What you need to do |
Return the records below from the line containing "Louis Vuitton Louis" onward, exactly, through and including the last line.

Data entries
• • • • • • •

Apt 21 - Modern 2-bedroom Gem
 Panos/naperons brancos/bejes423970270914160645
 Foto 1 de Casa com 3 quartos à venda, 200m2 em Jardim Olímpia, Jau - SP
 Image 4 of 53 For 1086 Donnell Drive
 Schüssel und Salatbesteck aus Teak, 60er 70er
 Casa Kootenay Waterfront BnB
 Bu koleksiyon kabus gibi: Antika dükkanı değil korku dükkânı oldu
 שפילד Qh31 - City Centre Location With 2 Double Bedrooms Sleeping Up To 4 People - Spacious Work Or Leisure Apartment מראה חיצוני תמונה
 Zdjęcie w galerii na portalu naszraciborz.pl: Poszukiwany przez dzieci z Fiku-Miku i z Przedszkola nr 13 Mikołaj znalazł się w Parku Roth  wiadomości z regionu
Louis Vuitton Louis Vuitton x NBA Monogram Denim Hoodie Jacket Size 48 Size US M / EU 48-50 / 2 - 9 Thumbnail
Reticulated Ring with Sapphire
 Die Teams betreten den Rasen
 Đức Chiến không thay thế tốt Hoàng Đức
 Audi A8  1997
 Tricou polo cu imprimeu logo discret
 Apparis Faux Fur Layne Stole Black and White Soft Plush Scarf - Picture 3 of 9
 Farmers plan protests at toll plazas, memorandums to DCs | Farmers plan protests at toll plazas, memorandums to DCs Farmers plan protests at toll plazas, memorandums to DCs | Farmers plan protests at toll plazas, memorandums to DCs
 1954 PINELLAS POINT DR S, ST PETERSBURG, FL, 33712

• • • • • • •

Reply |
Louis Vuitton Louis Vuitton x NBA Monogram Denim Hoodie Jacket Size 48 Size US M / EU 48-50 / 2 - 9 Thumbnail
Reticulated Ring with Sapphire
 Die Teams betreten den Rasen
 Đức Chiến không thay thế tốt Hoàng Đức
 Audi A8  1997
 Tricou polo cu imprimeu logo discret
 Apparis Faux Fur Layne Stole Black and White Soft Plush Scarf - Picture 3 of 9
 Farmers plan protests at toll plazas, memorandums to DCs | Farmers plan protests at toll plazas, memorandums to DCs Farmers plan protests at toll plazas, memorandums to DCs | Farmers plan protests at toll plazas, memorandums to DCs
 1954 PINELLAS POINT DR S, ST PETERSBURG, FL, 33712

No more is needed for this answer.